MarkLogic has long had the ability to spawn tasks, consisting of a module, a set of variables and some options. Those tasks go into the task queue and get worked off by the configured number of threads. A new feature in MarkLogic 5 gives a new option: higher priority tasks. Let’s take a look at how that works.
My local instance of MarkLogic is configured for 16 task server threads, which I can see by going to Configure -> Groups -> Default -> Task Server in the Admin UI. By clicking on the Status tab here, I’ll be able to watch the tasks get worked off.
Normal Priority
To play with the queue, I’ll start by setting up a simple module to simulate a long running task. I’ll call this write-log.xqy:
xquery version "1.0-ml"; declare variable $priority external; declare variable $id external; xdmp:sleep(5000), xdmp:log(fn:concat("task priority: ", $priority, "; id=", $id))
Sleep for 5 seconds, then write out the parameters. Very simple. Now I’ll fire up Query Console and spawn a bunch of these tasks:
for $i in (1 to 500) let $priority := "normal" return xdmp:spawn( "/write-log.xqy", (xs:QName("priority"), $priority, xs:QName("id"), $i), <options xmlns="xdmp:eval"><priority>{$priority}</priority></options> )
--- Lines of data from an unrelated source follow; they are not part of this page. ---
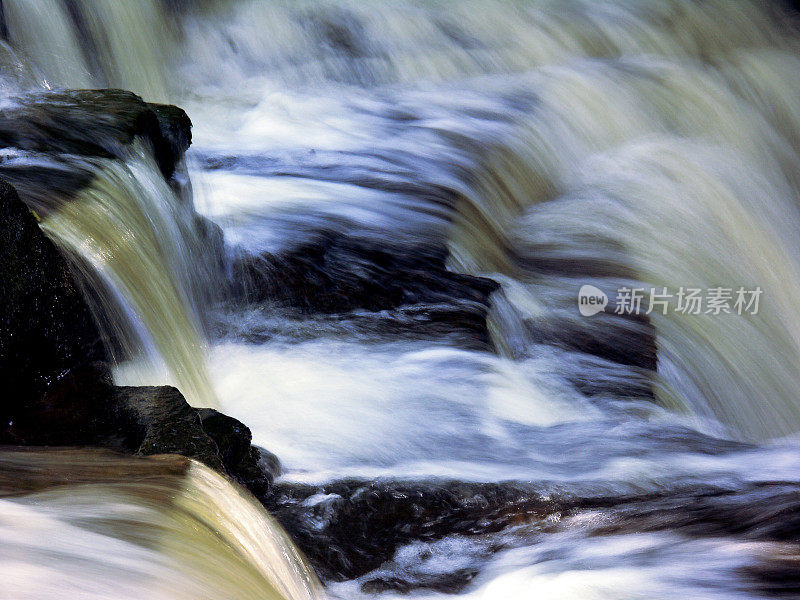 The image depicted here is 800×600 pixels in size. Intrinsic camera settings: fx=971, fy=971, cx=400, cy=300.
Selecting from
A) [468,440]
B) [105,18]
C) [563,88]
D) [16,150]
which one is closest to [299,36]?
[105,18]

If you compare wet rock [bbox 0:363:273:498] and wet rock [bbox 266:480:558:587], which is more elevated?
→ wet rock [bbox 0:363:273:498]

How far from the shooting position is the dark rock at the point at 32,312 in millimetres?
2842

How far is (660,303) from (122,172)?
3251 millimetres

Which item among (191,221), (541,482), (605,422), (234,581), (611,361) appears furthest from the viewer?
(611,361)

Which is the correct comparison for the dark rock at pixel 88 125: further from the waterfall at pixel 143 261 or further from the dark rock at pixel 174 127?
the waterfall at pixel 143 261

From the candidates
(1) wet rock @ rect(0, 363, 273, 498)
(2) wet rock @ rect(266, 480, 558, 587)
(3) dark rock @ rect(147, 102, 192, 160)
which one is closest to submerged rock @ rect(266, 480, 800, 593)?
(2) wet rock @ rect(266, 480, 558, 587)

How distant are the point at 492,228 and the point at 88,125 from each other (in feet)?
8.50

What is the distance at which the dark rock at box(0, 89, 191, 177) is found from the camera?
4148 mm

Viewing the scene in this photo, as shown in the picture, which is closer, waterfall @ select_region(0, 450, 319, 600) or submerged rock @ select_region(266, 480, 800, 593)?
waterfall @ select_region(0, 450, 319, 600)

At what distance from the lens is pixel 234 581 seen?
2.07 metres

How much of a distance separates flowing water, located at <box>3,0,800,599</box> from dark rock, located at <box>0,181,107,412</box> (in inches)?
12.9

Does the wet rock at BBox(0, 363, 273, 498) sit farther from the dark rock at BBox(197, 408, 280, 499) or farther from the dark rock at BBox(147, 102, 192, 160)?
the dark rock at BBox(147, 102, 192, 160)

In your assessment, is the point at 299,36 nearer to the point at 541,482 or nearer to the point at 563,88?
the point at 563,88

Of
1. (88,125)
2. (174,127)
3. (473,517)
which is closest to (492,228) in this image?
(174,127) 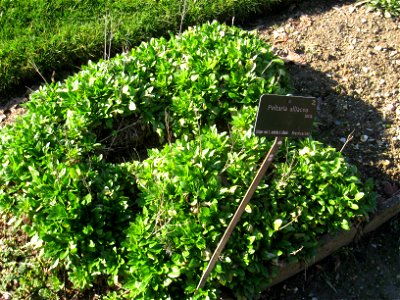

I spawn 500 tasks with “normal” priority. After running this, I can refresh the Task Server Status page and see a bunch of tasks in the queue, getting worked off by the 16 threads. Watching the log file, I see 16 of the log messages bunched together as the threads wrap up around the same time; then 5 seconds later, another group of 16.
Higher Priority
The new option in MarkLogic 5 is to choose between “normal” and “higher” priority. Let’s see what happens when they mix. We’ll use the same write-log.xqy as before, but we’ll change what we do in Query Console:
for $i in (1 to 500) let $priority :=Â if ($i <= 250) then "normal" else "higher" return xdmp:spawn( "/write-log.xqy", (xs:QName("priority"), $priority, xs:QName("id"), $i), <options xmlns="xdmp:eval"><priority>{$priority}</priority></options> )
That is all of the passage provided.